▸ WORK INSTRUCTIONS
Word for word, please restate the line that contains "kitchen with stainless" and all lines after it through the end of the material, minus the pictures.

**** DATA SHOWN

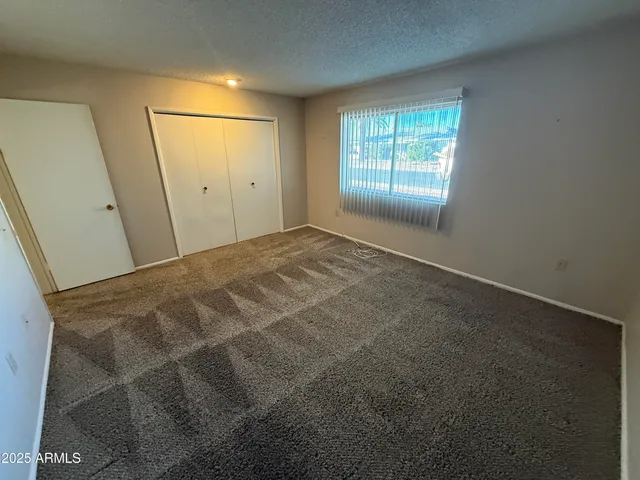 an empty room with windows and closet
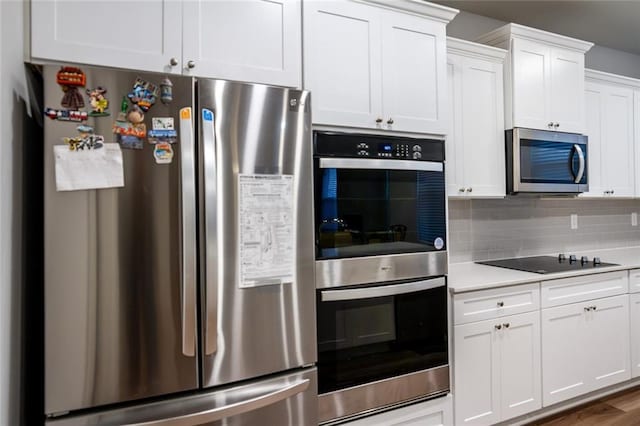 kitchen with stainless steel appliances, white cabinets, light countertops, dark wood-style floors, and tasteful backsplash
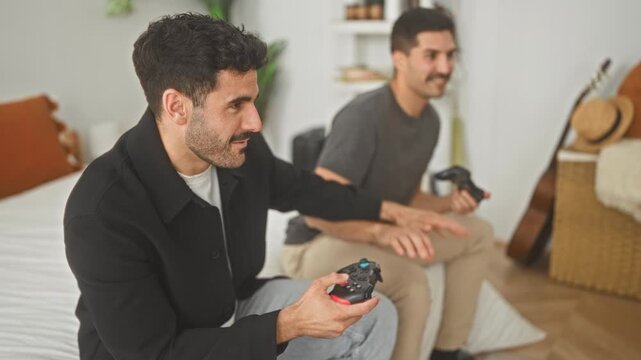 Two men hold game controllers on a bed, leaning forward and smiling while playing in a building; playful competition.
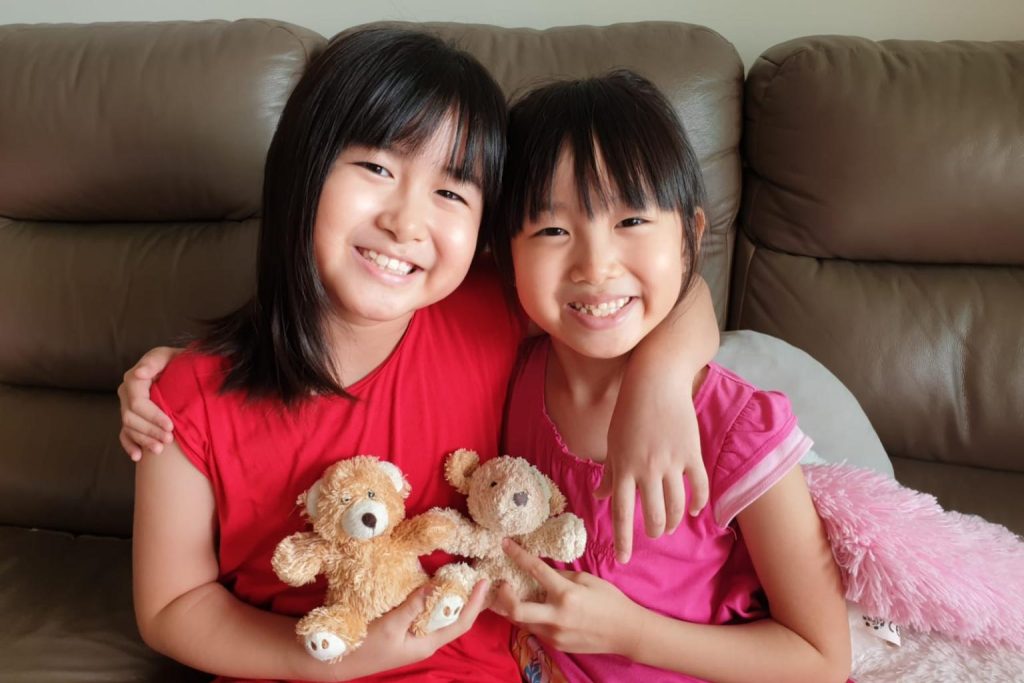 Sisters Celine and Claudine Ng enjoyed spending time together. PHOTO: COURTESY TO CHIA JENNY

********

▸ RESPONSE TO THIS EXERCISE
 kitchen with stainless steel appliances, white cabinets, light countertops, dark wood-style floors, and tasteful backsplash
 Two men hold game controllers on a bed, leaning forward and smiling while playing in a building; playful competition.
 Sisters Celine and Claudine Ng enjoyed spending time together. PHOTO: COURTESY TO CHIA JENNY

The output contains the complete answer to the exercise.